(dissenting):
I disagree with so much of the majority opinion as overturns the trial judge’s dismissal of the complaint in respect to the appellant’s right to receive Muhammad, Speaks and Message to the Black-man. His ruling is not premised, as the majority opinion intimates, upon incarceration as effecting a loss of “all of [a convict’s civil rights]”, forfeiture of “every protection of law” or a shedding of the first amendment. In this cause no one avows these tenets. Certainly, penitentiary discipline which limits prisoners’ rights can be constitutionally measured only in terms of a necessity commensurate with the protection of the public, the maintenance of institutional order, the safety of the administrators and the advantages of all of the inmates, not just the protestants.
Save in exceptional instances the regimen should be left to the officials without judicial interference. Conceding for argument only that the burden is upon the custodian to prove the particular necessity for the regulation in suit, the obligation has been fulfilled here. As the opinion notes, Abernathy v. Cunningham, 393 F.2d 775 (4 Cir. 1968) condemned these very publications. Consequently, I do not see how it can be said that the respondent still has the duty to justify their ban from the prison. If there has been a correction of their sinister character as found by Abernathy, I think the appellant should be required to aver and prove it. He has not even attempted to do so, and hence on that head his case fails.
Otherwise, the jailor would have to keep current on the periodical issues of Muhammad Speaks. Unless a specific showing is made of a deprivation of innocuous reading matter — constantly and not simply in one edition of the magazine — his custodial hours should not be shifted to an occupation of reading. Message to the Blackman has not been changed — at least we are not told of it —and the appellant has not pleaded why it is now acceptable when it was not so two years ago.
Nor can I agree with the Court that the administrative authorities should consider “the use to which plaintiff proposes to put his publications if he obtains them”. The suggestion is, I take it, that he could be restricted in passing them or their contents to other prison*1234ers. To me this consideration is utterly impracticable. Unless a guard is to be placed beside the prisoner at reading time, or reads to his ward, the publication would be easily broadcast to defeat the regulation.
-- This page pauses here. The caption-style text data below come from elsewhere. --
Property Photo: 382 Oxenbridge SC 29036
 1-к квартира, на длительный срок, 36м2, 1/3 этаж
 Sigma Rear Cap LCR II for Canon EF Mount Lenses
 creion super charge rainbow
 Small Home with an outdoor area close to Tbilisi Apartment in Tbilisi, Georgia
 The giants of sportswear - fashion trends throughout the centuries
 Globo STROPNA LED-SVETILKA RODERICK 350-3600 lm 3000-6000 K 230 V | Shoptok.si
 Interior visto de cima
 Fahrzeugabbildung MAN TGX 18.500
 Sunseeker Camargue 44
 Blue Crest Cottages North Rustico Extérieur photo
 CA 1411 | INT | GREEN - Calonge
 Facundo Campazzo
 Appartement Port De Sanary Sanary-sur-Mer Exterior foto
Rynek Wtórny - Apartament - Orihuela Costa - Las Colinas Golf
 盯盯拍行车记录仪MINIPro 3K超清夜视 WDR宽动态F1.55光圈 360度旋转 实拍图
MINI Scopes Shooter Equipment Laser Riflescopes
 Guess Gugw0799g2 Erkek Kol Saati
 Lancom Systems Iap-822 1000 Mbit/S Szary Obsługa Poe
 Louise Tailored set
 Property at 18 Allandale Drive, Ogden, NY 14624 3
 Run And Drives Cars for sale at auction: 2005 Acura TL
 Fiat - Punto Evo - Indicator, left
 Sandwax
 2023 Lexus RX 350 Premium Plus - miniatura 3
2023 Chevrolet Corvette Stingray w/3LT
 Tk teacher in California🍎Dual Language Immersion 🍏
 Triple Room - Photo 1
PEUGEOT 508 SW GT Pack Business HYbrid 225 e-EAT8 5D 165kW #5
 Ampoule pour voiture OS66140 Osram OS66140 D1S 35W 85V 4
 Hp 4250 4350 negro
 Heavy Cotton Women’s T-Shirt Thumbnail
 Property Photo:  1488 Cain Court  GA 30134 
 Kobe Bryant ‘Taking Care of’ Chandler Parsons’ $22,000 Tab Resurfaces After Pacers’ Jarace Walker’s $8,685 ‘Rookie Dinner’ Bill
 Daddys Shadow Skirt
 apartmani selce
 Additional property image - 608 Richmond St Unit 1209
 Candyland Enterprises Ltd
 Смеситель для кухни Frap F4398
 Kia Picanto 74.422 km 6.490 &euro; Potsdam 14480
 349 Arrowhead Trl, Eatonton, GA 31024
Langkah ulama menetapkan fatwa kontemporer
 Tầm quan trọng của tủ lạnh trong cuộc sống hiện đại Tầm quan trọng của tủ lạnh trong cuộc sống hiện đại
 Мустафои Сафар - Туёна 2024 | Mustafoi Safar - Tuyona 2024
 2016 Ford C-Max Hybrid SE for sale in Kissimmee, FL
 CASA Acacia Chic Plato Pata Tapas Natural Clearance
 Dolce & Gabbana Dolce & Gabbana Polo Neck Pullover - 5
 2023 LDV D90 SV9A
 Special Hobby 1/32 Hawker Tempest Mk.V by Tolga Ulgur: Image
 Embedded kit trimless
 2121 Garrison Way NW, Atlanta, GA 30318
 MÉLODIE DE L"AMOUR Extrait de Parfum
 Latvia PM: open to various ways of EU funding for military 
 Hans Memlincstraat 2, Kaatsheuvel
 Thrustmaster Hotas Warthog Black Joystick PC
If the superintendent is unfair to those committed to his care, the remedy is an appeal to those above him. The Virginia prison system is under the general supervision of the Director of the Department of Welfare & Institutions. Va.Code § 53-3. Complaints concerning internal discipline and administration should properly be reviewed by the administrative hierarchy. At least that resort ought to be demanded of the complaint before the courts impose visitations upon the jails, penitentiaries and their keepers. Cf. Paden v. United States, 430 F.2d 882 (5 Cir. 1970).